- WORK TO COMPLETE:
Skip pictures in the listing below; copy exactly the lines from the one with "Akita Dog Valentine's" through the one with "Mamas & Papas", inclusive.

- THE INPUT:
+ + + +
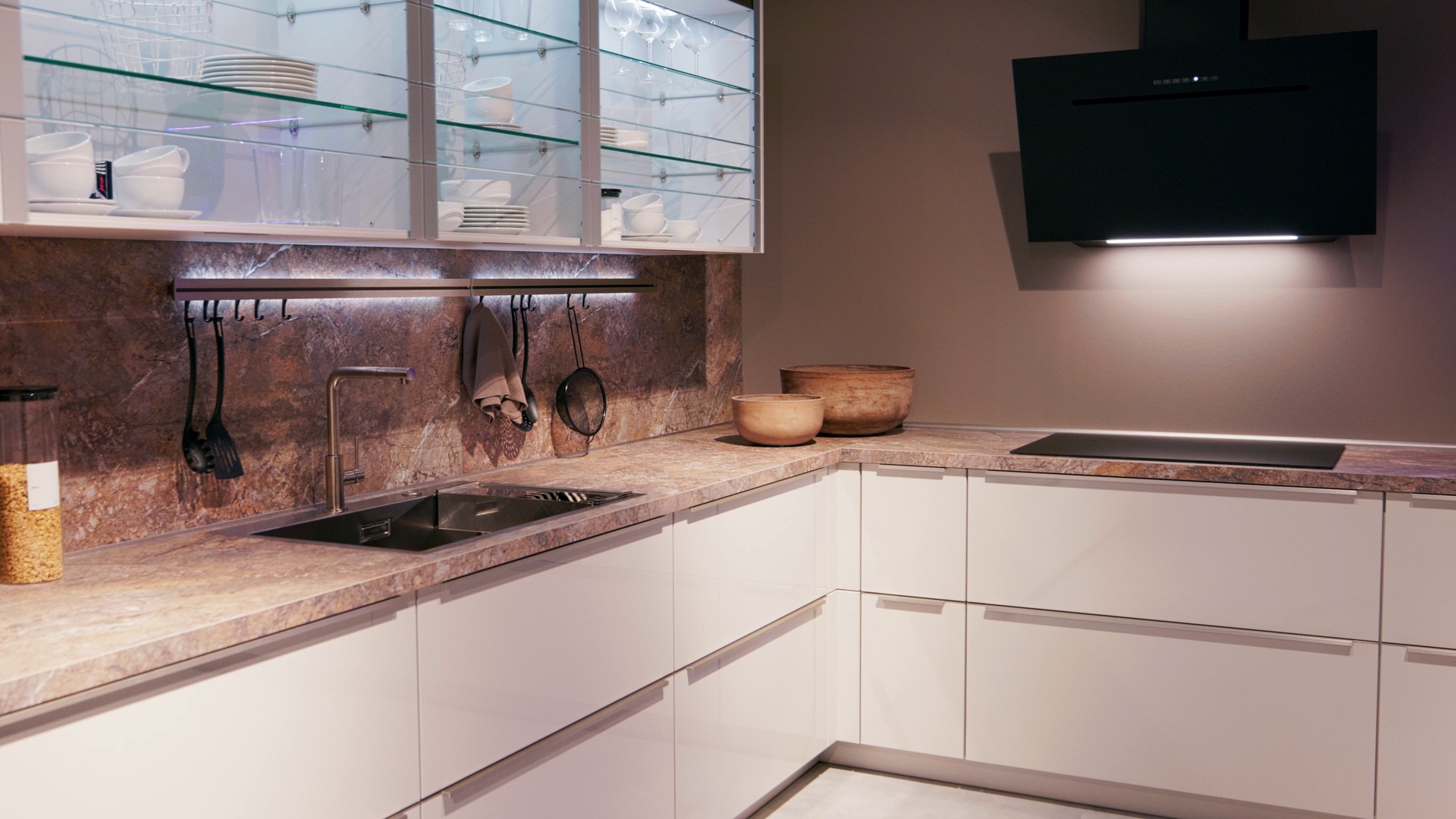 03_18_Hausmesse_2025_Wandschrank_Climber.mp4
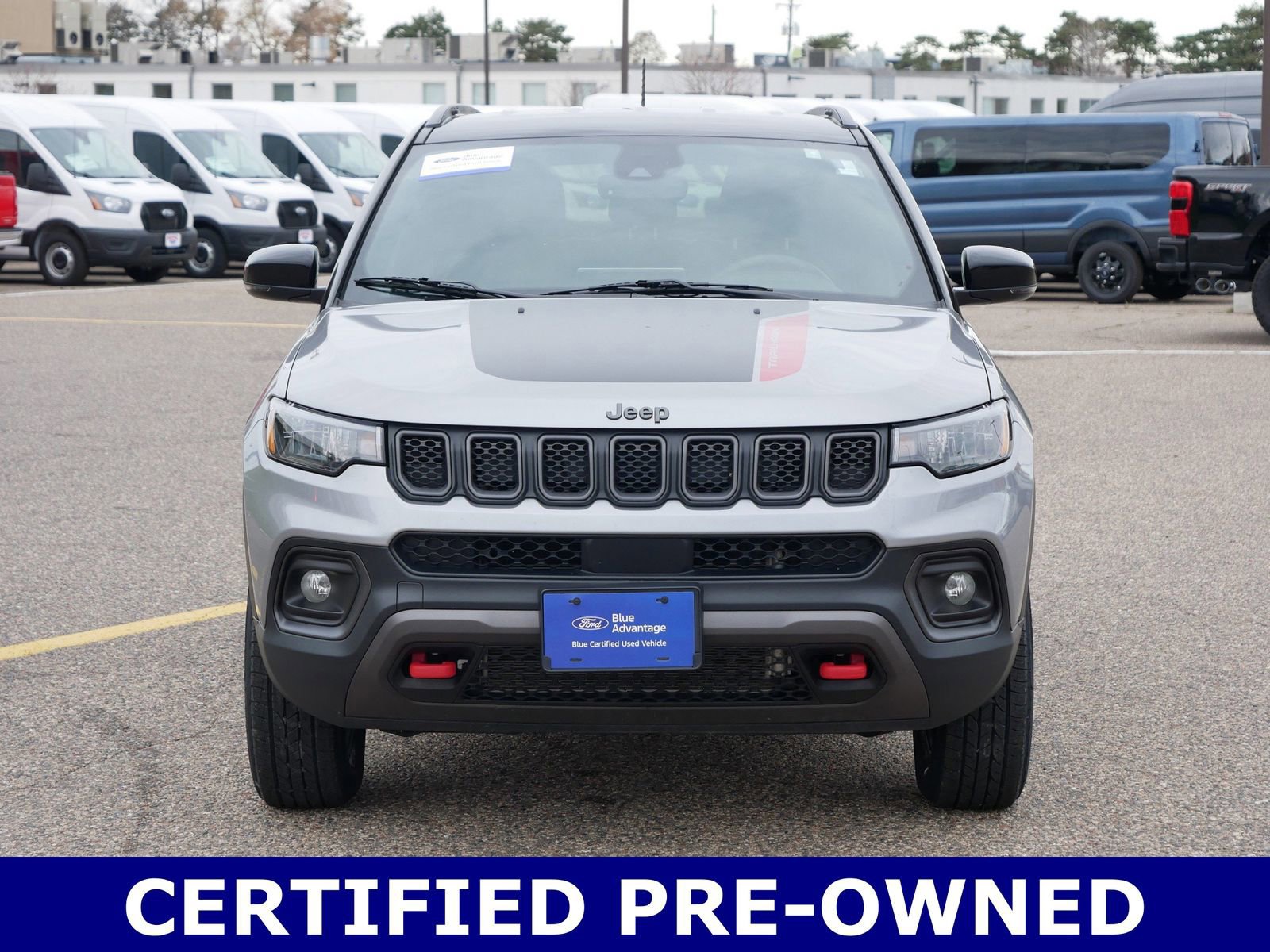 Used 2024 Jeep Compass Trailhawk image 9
+ + + +
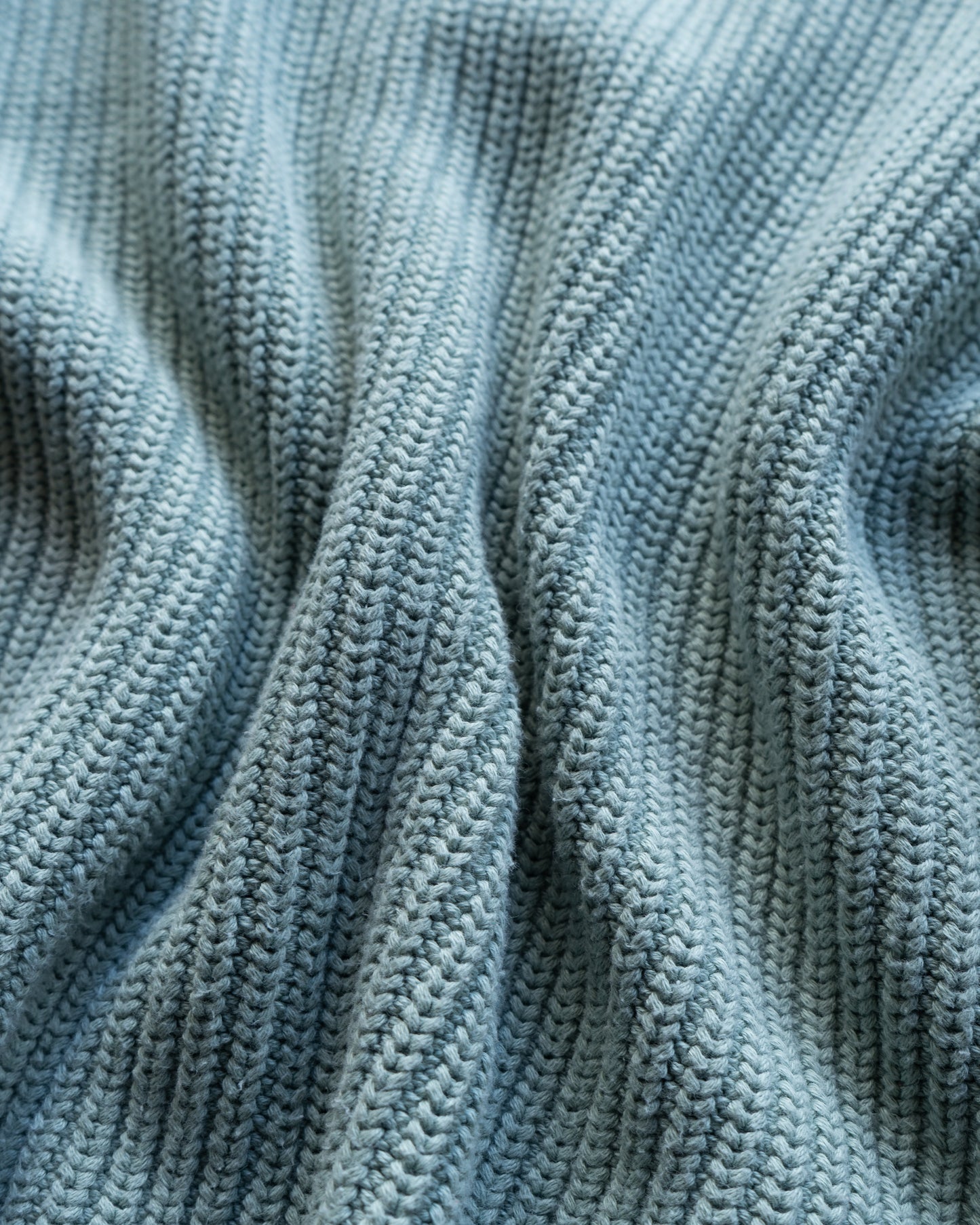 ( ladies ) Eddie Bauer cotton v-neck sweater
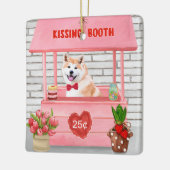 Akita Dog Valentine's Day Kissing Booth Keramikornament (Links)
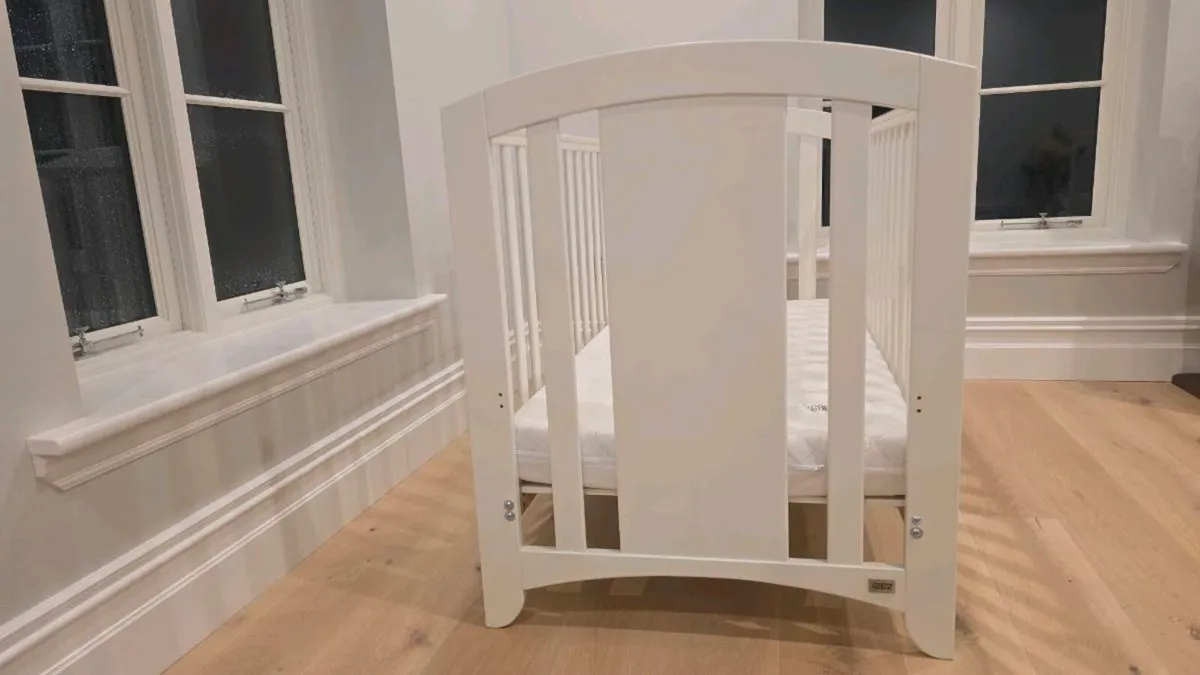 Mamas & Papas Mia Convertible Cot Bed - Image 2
+ + + +
- TASK SOLUTION:
 Akita Dog Valentine's Day Kissing Booth Keramikornament (Links)
 Mamas & Papas Mia Convertible Cot Bed - Image 2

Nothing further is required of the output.